● **EXERCISE PROMPT**: Return all of the data exactly as written, without the pictures.

● **EXTRACTED ENTRIES**:

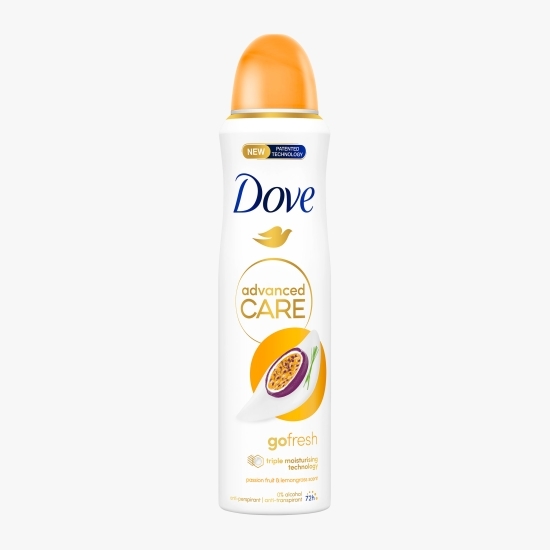 Antiperspirant spray Advanced Care GoFresh Passion fruit & Lemongrass 150ml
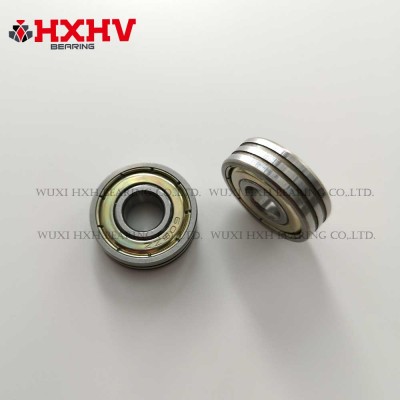 Угљенични челик 608ЗЗНН величине 8к22к7 мм- ХКСХВ куглични лежај са дубоким жлебовима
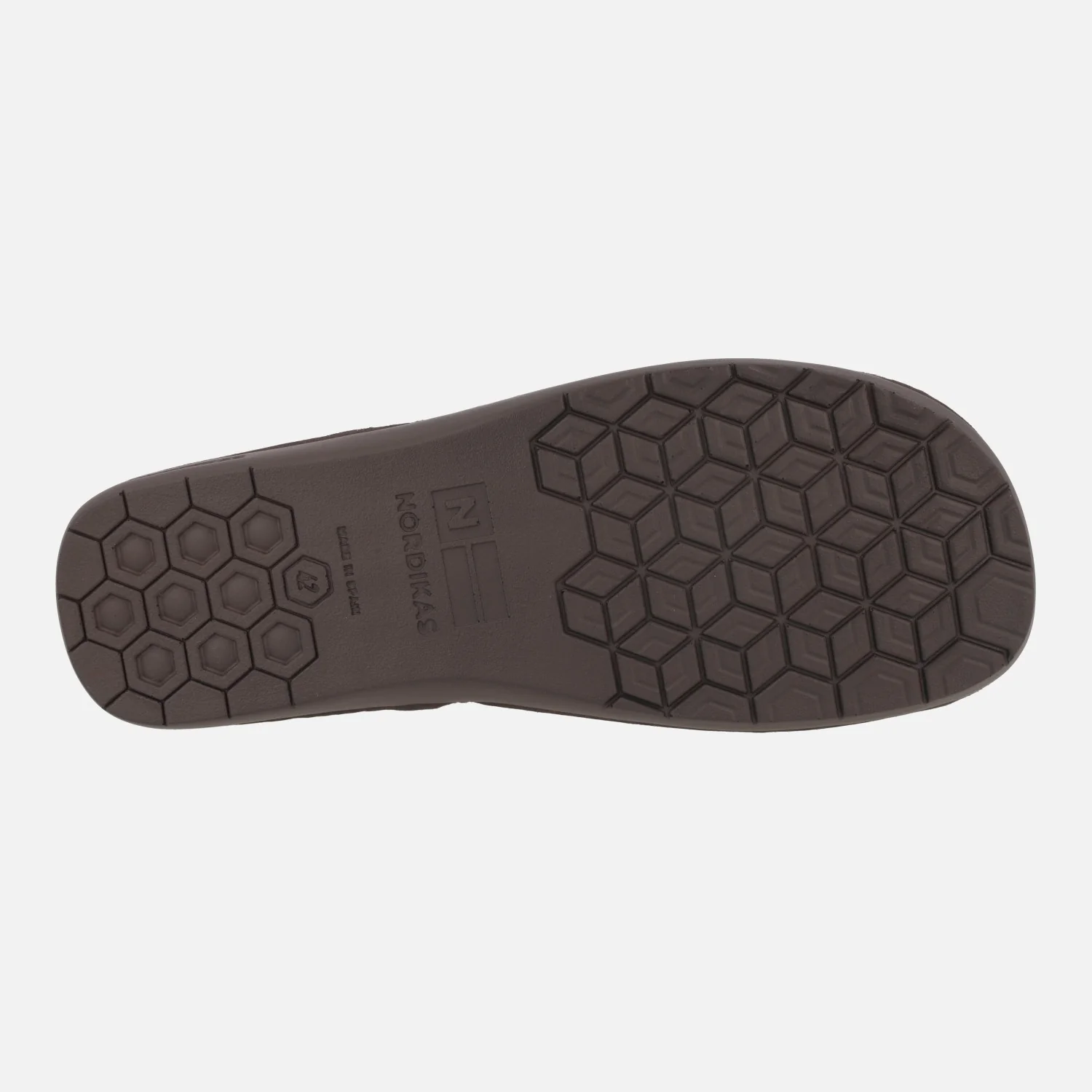 Zapatillas de casa cerradas para hombre en piel serraje - Image 6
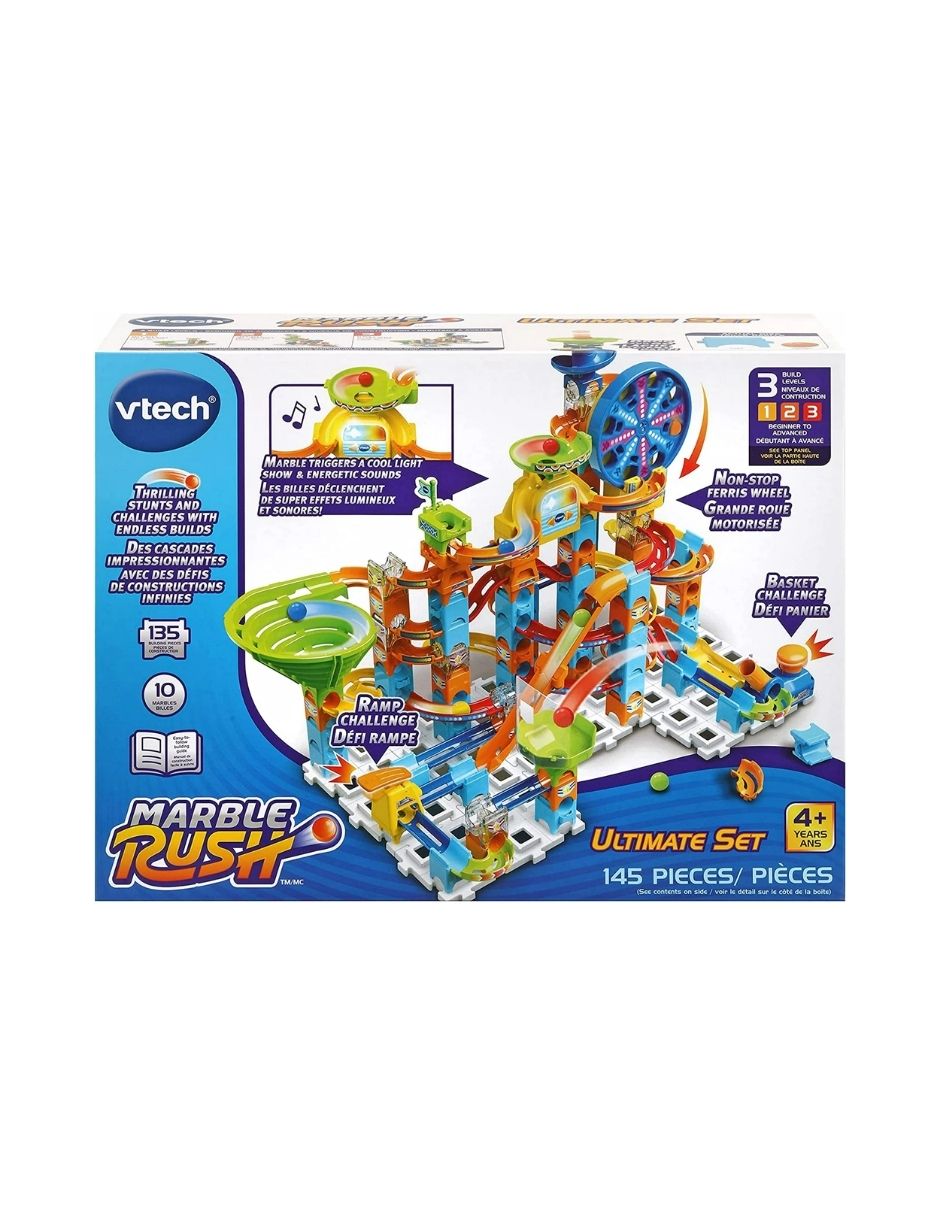 Juego de construcción educativo con canicas - Marble Rush Ultimate Set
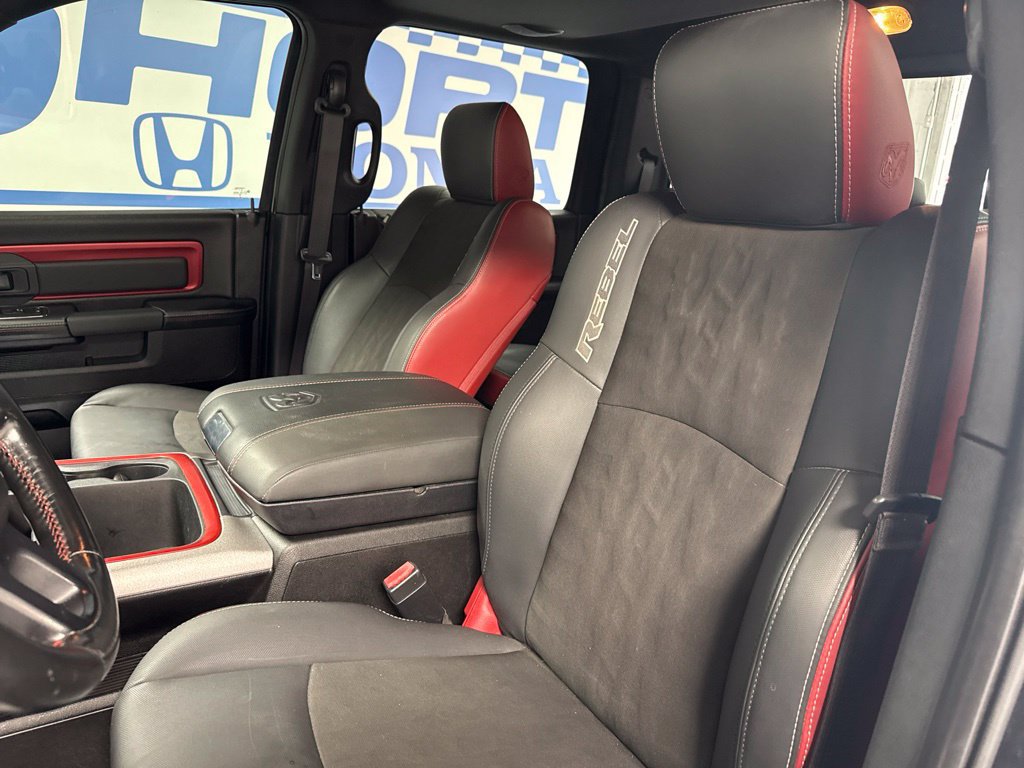 Used 2017 RAM 1500 Rebel w/ Luxury Group AWD/4WD image 22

● **RESPONSE BOX**:
 Antiperspirant spray Advanced Care GoFresh Passion fruit & Lemongrass 150ml
 Угљенични челик 608ЗЗНН величине 8к22к7 мм- ХКСХВ куглични лежај са дубоким жлебовима
 Zapatillas de casa cerradas para hombre en piel serraje - Image 6
 Juego de construcción educativo con canicas - Marble Rush Ultimate Set
 Used 2017 RAM 1500 Rebel w/ Luxury Group AWD/4WD image 22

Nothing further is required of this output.